You now have two options: call a friend or hire a stranger. Your friend will tease your frailty but willingly help while a stranger is of questionable honesty and requires money you don’t have. The friend it is. Your ego deflates a little as you make the phone call, but within a half hour your truck is packed and ready to go. You chide yourself for not calling sooner.

Step 5: Travel

Road trip time. Whether you’re making your way back to the airport or, like me, just making a short trip across counties, there is one thing that is absolutely essential to driving: music. You now grimace upon remembering that your vehicle is outdated. There is no auxiliary jack for your iPod. Old-fashioned radio it is. Your preselected stations are not as good as usual, and you’re sick of that Katy Perry song. You finally settle on Jack FM when the signal cuts out. Fantastic. The next 5 minutes of the trip are spent hitting the search button for something—anything—familiar. You’re stuck with a country station that you aren’t really into at the moment.

The traffic isn’t bad and the weather is nice enough to roll your windows down and enjoy the breeze…until you pass through the scenic cornfields that were freshly fertilized. You’ve never rolled your windows up faster. Then there’s your trusty GPS, "recalculating…" on your console as you try not to panic about having "arrived at your destination." Apparently, you now live in a cornfield. Fabulous. Eventually you find your way back to a main road, then a familiar town and—praise the Lord!—your driveway is within reach.

Step 6: Arrive home

Once you make it home you’ll be tempted to sit down with a nice cup of coffee or tea and relax. Don’t. This is a false sense of security. Just because you are home does not mean the work is over. Unpack your car as quickly as possible, shoving boxes and bags wherever they’ll fit in your home. Only then should you kick back and enjoy a cup of your favorite poison.

Step 7: Unpack

In this corner we have the defending champion, "Loaded Luggage," and in the other corner we have the rookie challenger, "Tired Traveler." Ding ding! You’ve now sat on the couch for two days with an infinite supply of coffee and tea. You really should unpack. You trudge to your room and the wall of bags is so intimidating you think you’d rather just sleep. Grabbing one, you reach inside and pull out an armful of dirty laundry, which you promptly toss into the hamper. The next bag holds pictures from you trip. You promptly sit down and flip through them, losing a solid hour of useful unpacking time. Finally setting them aside, you look at the clock and realize you should probably go to bed. You have to go back to work tomorrow and don’t want to be too tired. Unpacking can wait one more day.

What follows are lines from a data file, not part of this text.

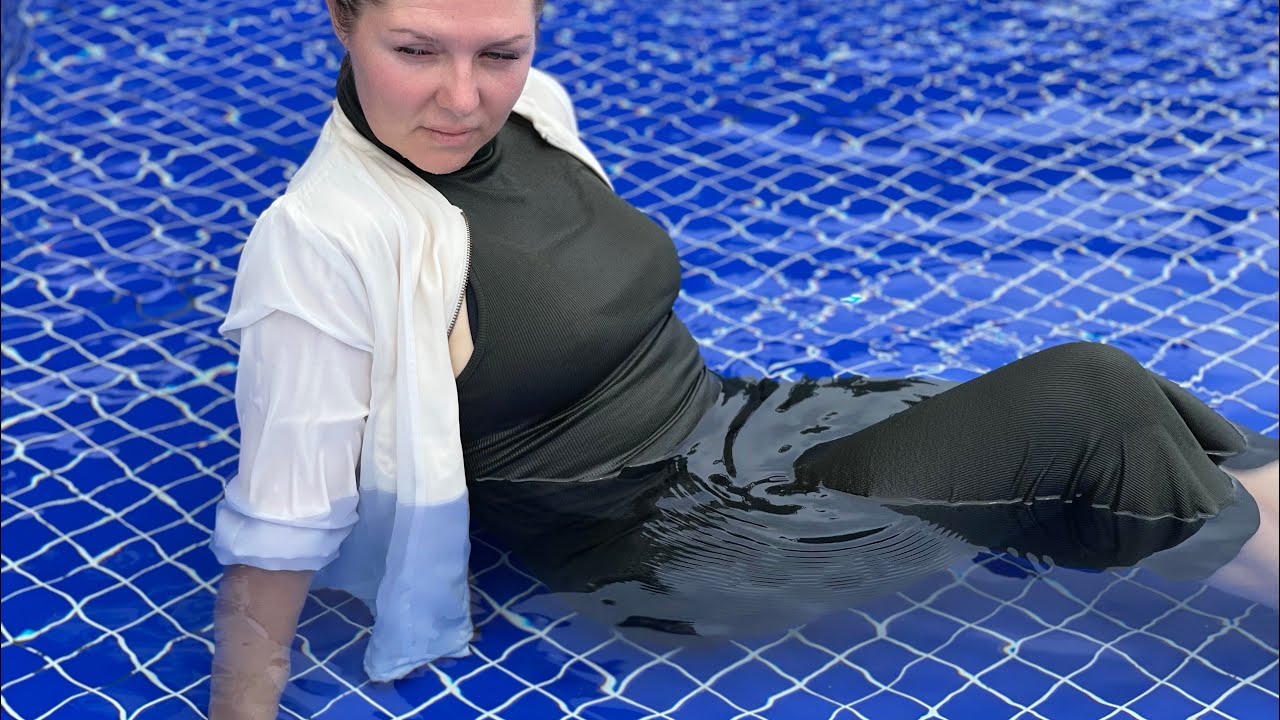 Green long dress, white jacket, nylon socks. Wetlook pool video.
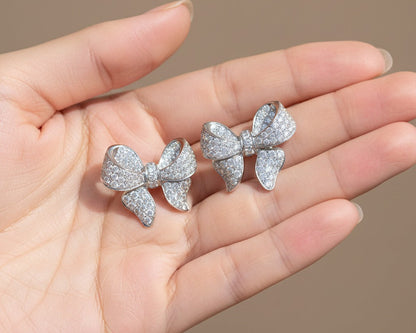 Three silver bow-shaped earrings held in a hand against a neutral background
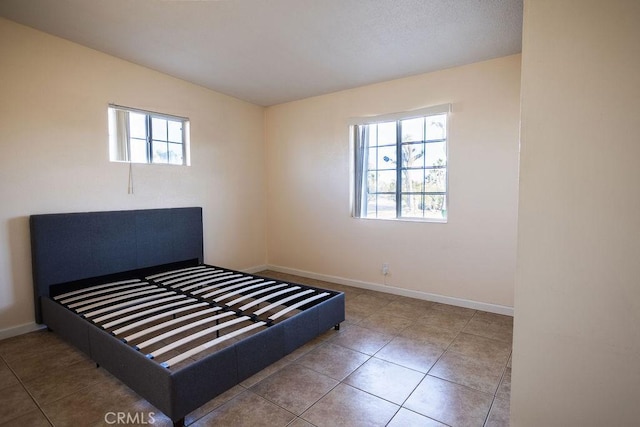 58382 Sunny Sands Dr, Yucca Valley, CA 92284 - unfurnished bedroom with baseboards and tile patterned floors
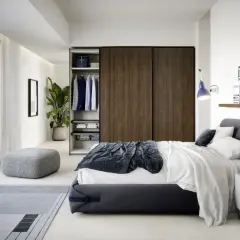Elegante camera da letto piccola con letto matrimoniale, armadio a muro in legno scuro, pouf e tappeto grigio.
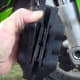 Caliper has been removed - the old brake pads are clearly visible.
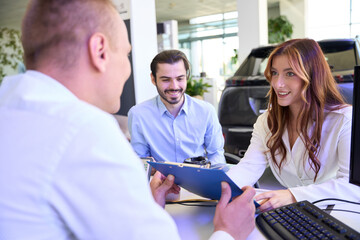 Young woman purchasing new automobile at car dealership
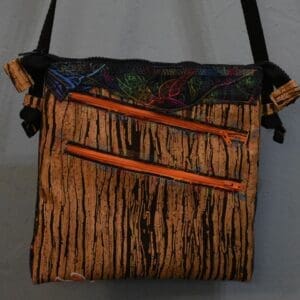 A bag with two handles and a strap.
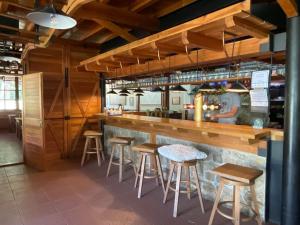 a bar in a restaurant with stools at Areál Kamínka - POKOJE A APARTMÁNY in Roštín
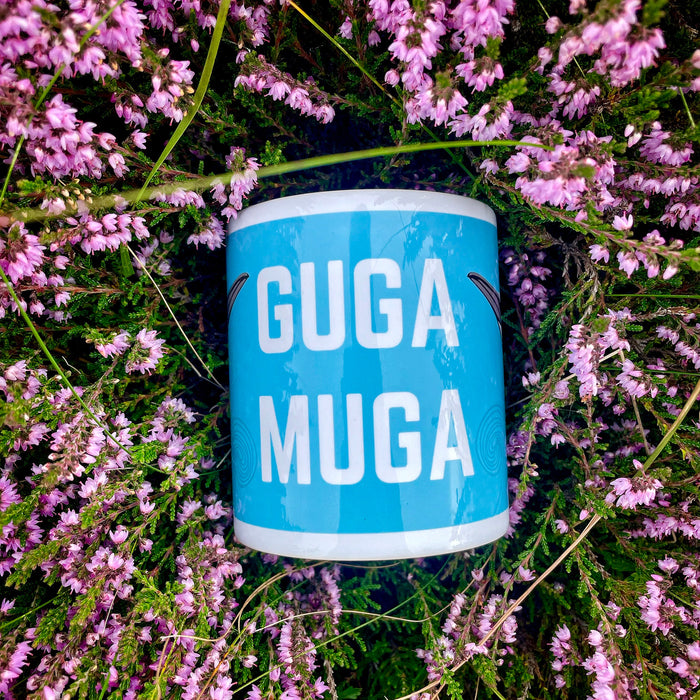 mug shown lying outside surrounded by scottish heather in bloom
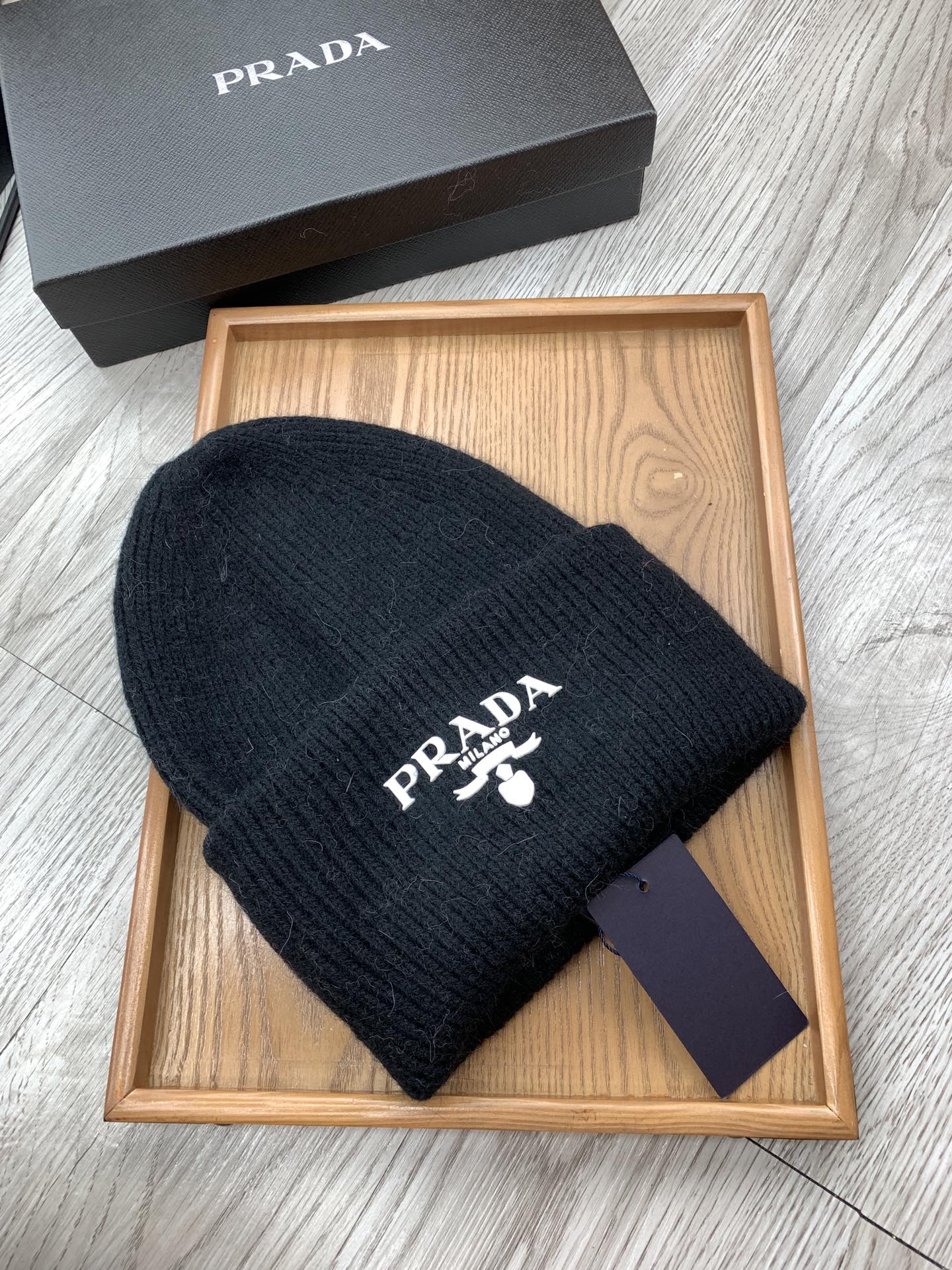 PRADA BEANIE HAT IN BLACK WOOL 108753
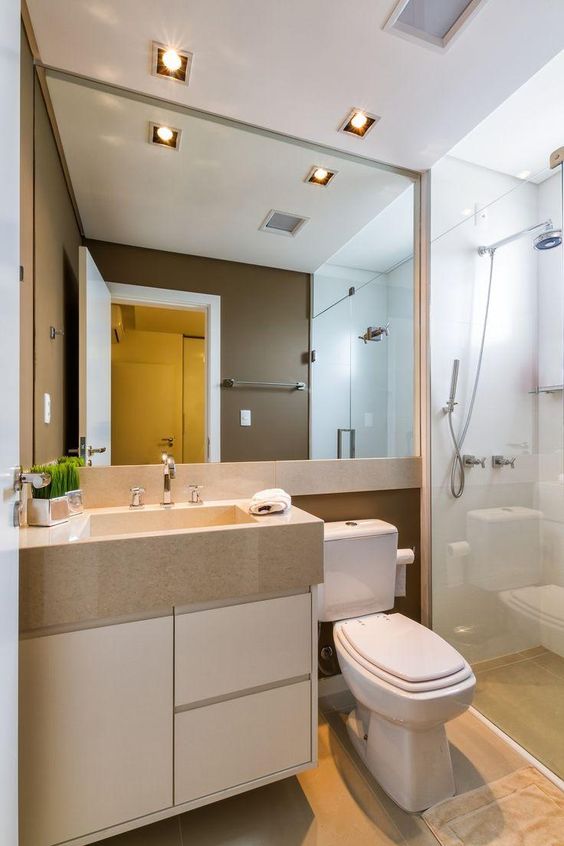 La salle de bain est décorée de grands miroirs et de lumières LED intégrées au plafond. 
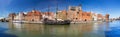 Panorama of the old town in Gdansk with historical port crane reflected in Motlawa river, Poland Royalty Free Stock Photo
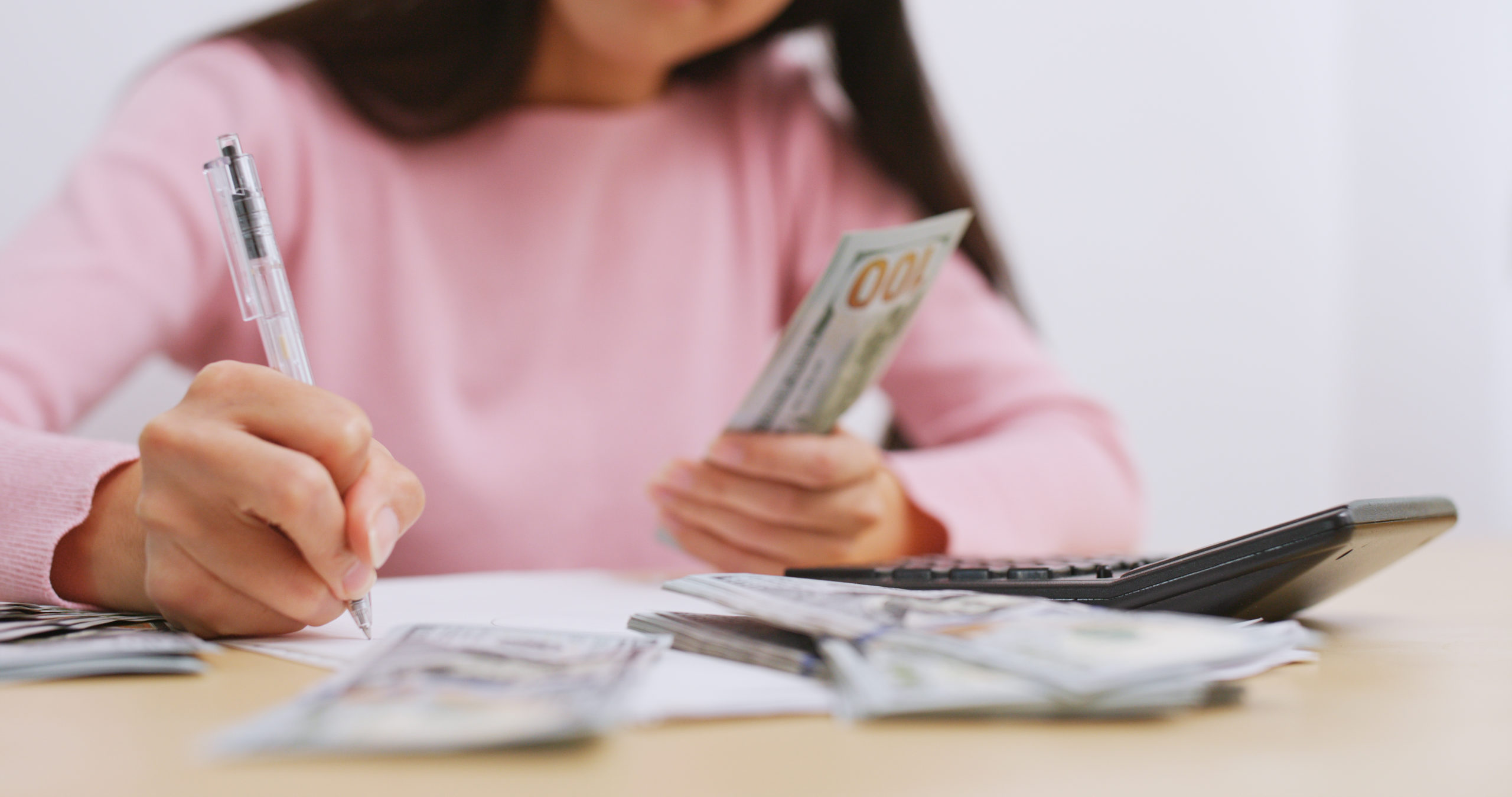 Woman counting the money at home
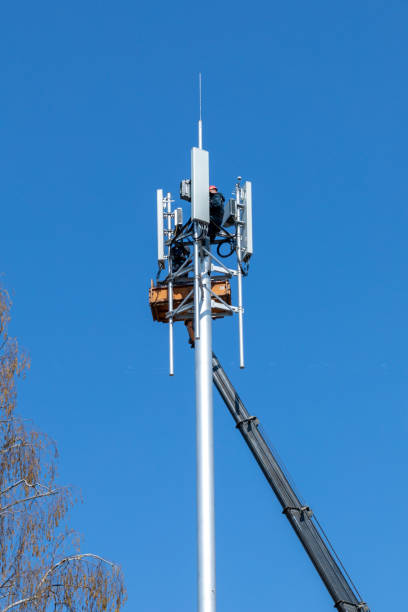 istock Crane with telescopic boom lift used as an aerial working platform. Worker install cellular base station with transmitters 3G, 4G, 5G and antennas on cell tower on blue sky background. 1298159313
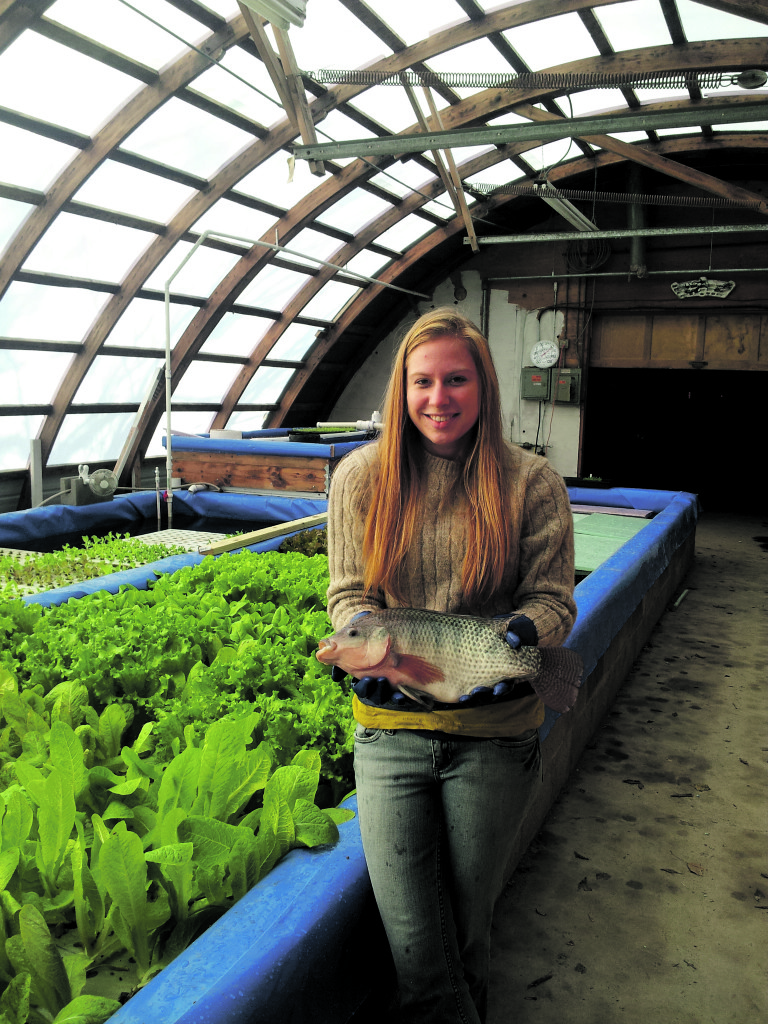 Jamie holding a tilapia. 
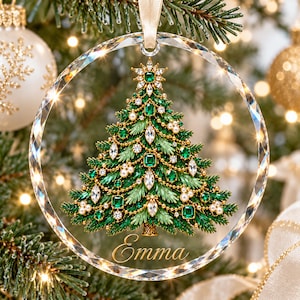 May include: A circular clear glass Christmas ornament featuring a detailed illustration of a green pine tree decorated with emerald green crystals, white pearls, and gold chains. The name Emma is written in gold script at the bottom.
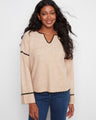 Beige sweater with a notch neck and ribbed knit texture, perfect for casual outings. By Charlie B.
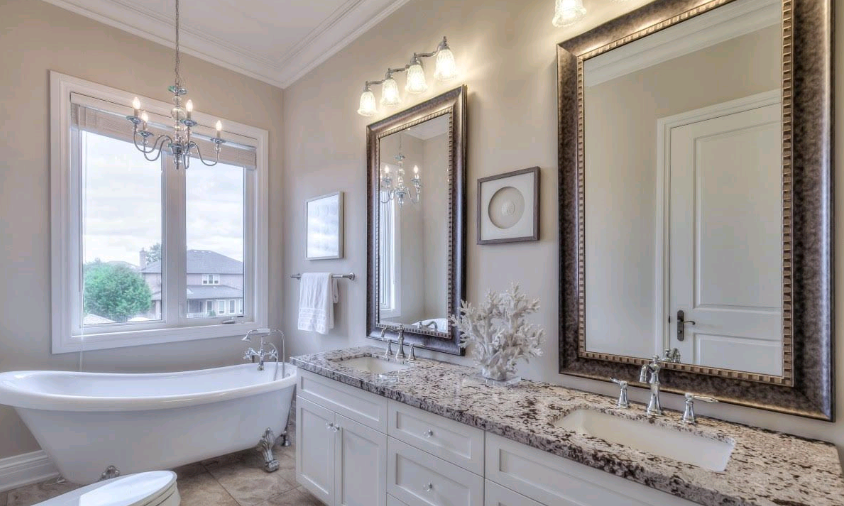 A bathroom with a tub, sink, mirrors and two windows.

Pretty much every member of the Class of 2014 is going through this cycle at the moment, not wanting to unpack their boxes for fear that it’ll mean college is really over when they do. My own "Loaded Luggage" still beats me down every day, but it’s time to fight back and unpack. My memories of the Mount will always have a place with me, but I have some new boxes that need to be filled with new memories. Goodbye, Mount. Hello, University of Virginia!